True conversion from one worldview to the “other-worldly” heavenly view can come about only by a discipleship method that Christ demonstrated and put into play. When his disciples thought “promotion” of the greatest among them to sit beside Jesus, he taught “demotion” to that of a servant among them which would make them great. When the disciples thought “get even” like the Pharisees taught (an eye for an eye) Jesus taught “forgive” and let it go.
Jesus placed the disciples near himself to observe that he actually lived before them what he taught them to do. They were close to their mentor and remained close to each other to experience the change to an “other-worldly” model and example of living in the king’s domain as his citizens representing his kingdom laws, principles, and values between God and man and citizen to citizen.
There are four quadrants in the church today (see chart below).
The Sunday Event quadrant (upper left) is the “Chaplaincy Quadrant” of a corporate gathering of many to receive teaching, worship God, and say “hello” to each other. It is a high invitation to attend but lacks challenge through a discipling experience. It isn’t discipleship. It’s merely a door that could lead to discipleship. It’s mostly made up of an audience of consumers in a “client/provider relationship” who aren’t challenged to change or reproduce. The message might challenge them, but they can walk out, unchanged, and no one would know. Thus, high invitation to attend, but low challenge to change without the accountability found in a discipleship group. It is a “cozy culture” quadrant of church life. An important quadrant, yes. Biblical to have corporate meetings, yes. But it doesn’t create a true discipleship experience according to the model of Jesus.

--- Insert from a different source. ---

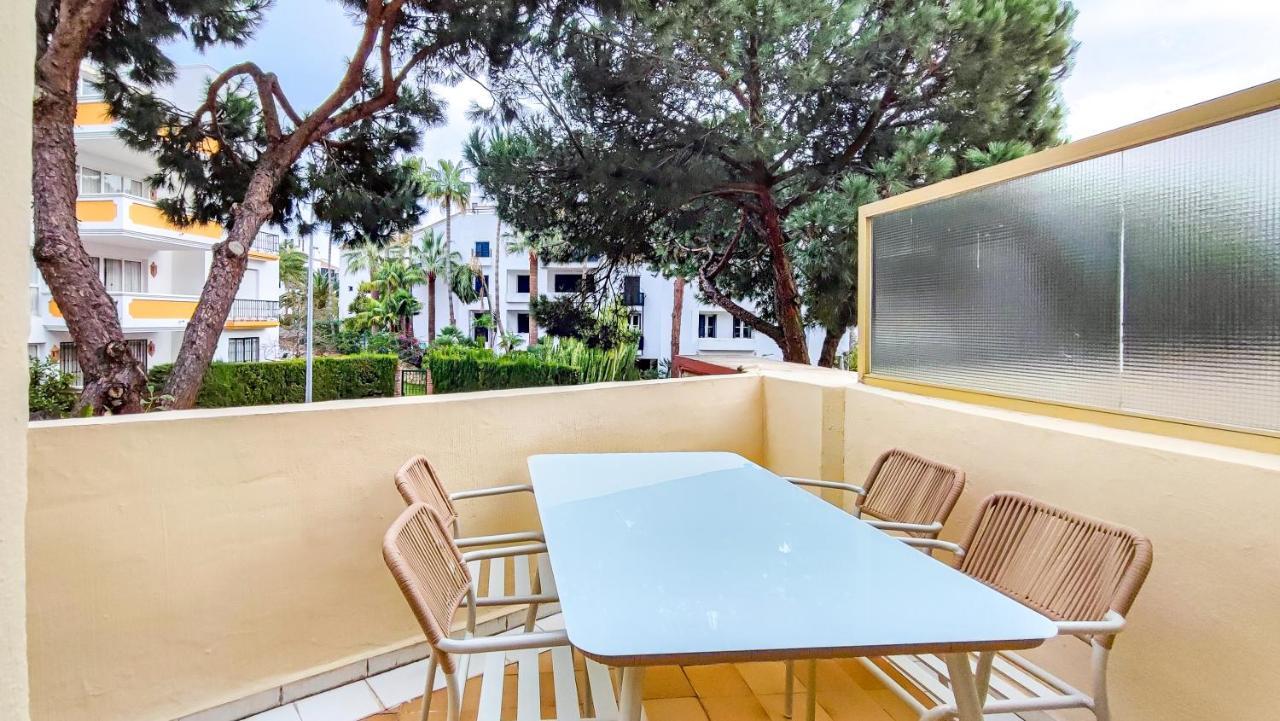 Oleholidays 411 Romana Playa Junto A La Playa Marbella Exterior photo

The lower left quadrant is the “Indifferent Quadrant” made up of other group settings that provide closer community experiences through life groups, Bible classes, midweek services, short-span Bible studies, youth groups, etc. It’s a low invitation (attend or not) scenario, however, because there’s no commitment level to an ongoing invested mentor/disciple relationship. And it is a low challenge (attend or not) scenario for the same reason in that there’s no mentor to challenge personal behavior and conversion toward walking and living out kingdom values on a personal level. As in the Sunday service event, no one intimately knows the people attending, their struggles, or their challenges, and can be just as easily overlooked or be detached from one another on a surface level and never be “in” someone’s life enough to help disciple them. This is a “lethargic culture” quadrant given there’s no invitation to enter into a mentoring/mentee relationship. Nor is there much effort to invest in someone’s life or have the permission to speak directly into someone’s life to their wrong behavior or worldviews like Christ was able to do to those who “wanted” him to challenge them, painful as that might have been to their carnal natures. “Faithful are the wounds of a friend (mentor).” The other groups again are important but do not create a discipleship experience that makes and reproduces disciples according to the Jesus Model.

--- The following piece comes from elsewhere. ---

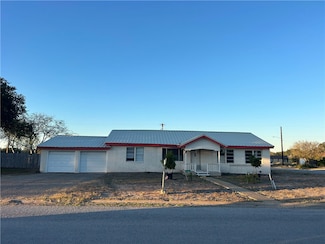 516 Stinson, Freer, TX 78357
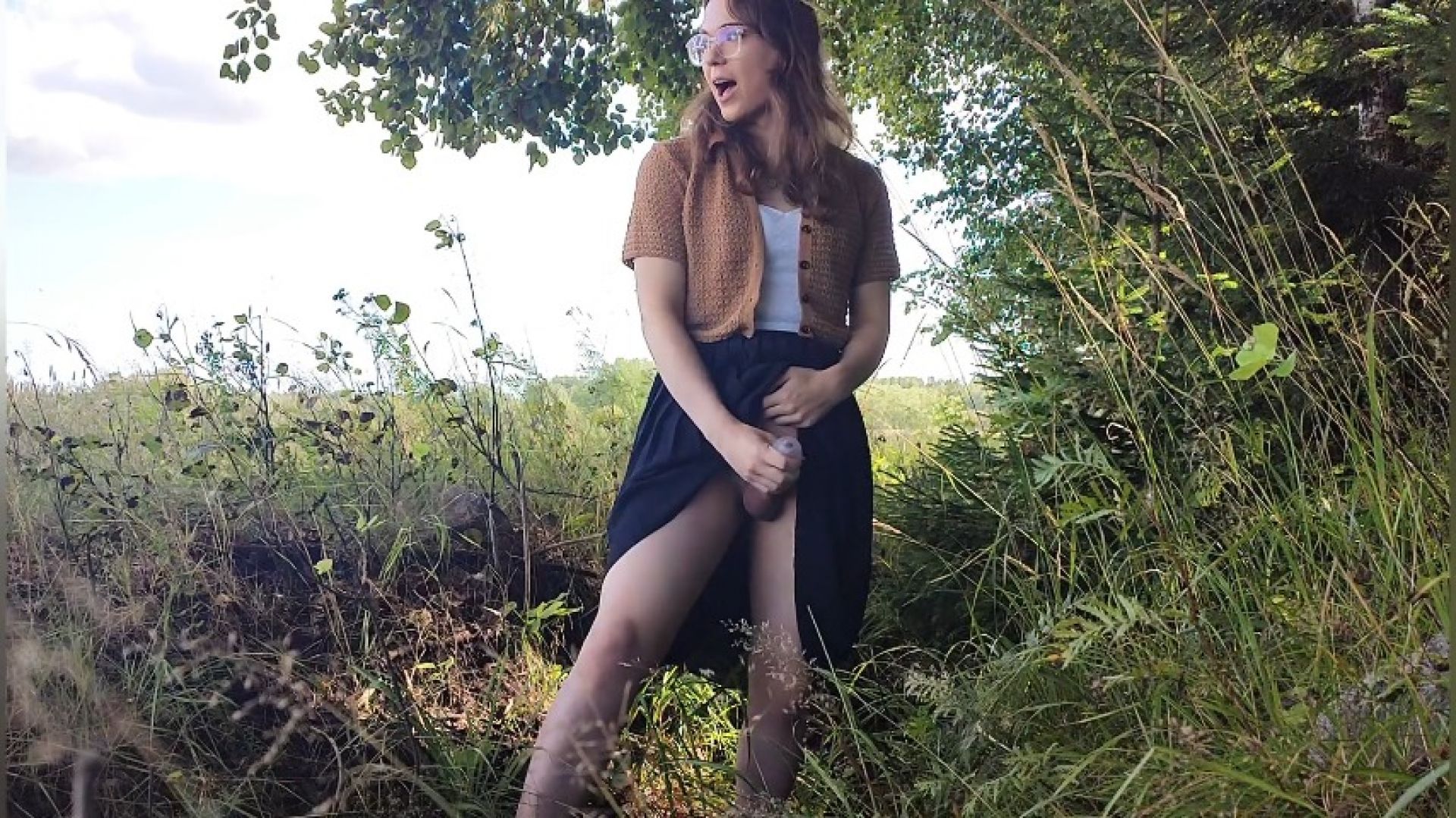LolaPrincessCD:Masturbating with a beautiful view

The lower right quadrant is the “Servant Quadrant” made up mostly of staff members of a church, and those who volunteer to serve or lead in various departments and functions of the church. This is the quadrant of people who exist primarily to administrate the organization, running the church programs and/or being the behind the scenes support for what happens at the event of a Sunday morning service. These folks receive a “high challenge” from the church to serve the church and all its activities (within and without through outreach events). But it’s a low challenge culture in that they experience the pastors and leaders more as managers or bosses, rather than in a mentor/mentee relationship. Much energy is poured out by these people in this quadrant, but it is a “stressful culture” due to them being in the smallest percent level of participation from the population at large, with the highest demand of responsibility to carry the load others let them do. They give out, but nothing is poured back into them relationally, and so they burn out, feeling undervalued, under-appreciated and stressed out by the demands of their job. It has the highest rate of turn-over in church life. Again, an important and necessary part of the church many are called to, but it isn’t a mentor/mentee relationship as it happens in the Jesus Model of discipleship.
Finally, the last quadrant, which few churches have, is the “Discipling Quadrant.” It is an “empowered culture” because it’s made up of discipleship groups that have a mentor/mentee relationship, and an intimate, accountable relationship with three others. Thus, the healthy balance of high invitation and high challenge which causes advanced and accelerated growth in the disciple. They become “producers” of other disciples rather than merely “consumers” as attendees who spectate but don’t change or grow closer to Jesus. This upper right quadrant is the Jesus Model. It is how he laid the groundwork for advancing his kingdom through the strategic method of radically investing in the lives of a few to make them “other-worldly” and thus world-changers wherever they went.
Until the church gets a hold of this understanding that making disciples isn’t a spectator’s sport, cozy, easy, or about being in the limelight, we’ll not see the best method of evangelism on the planet is through discipleship.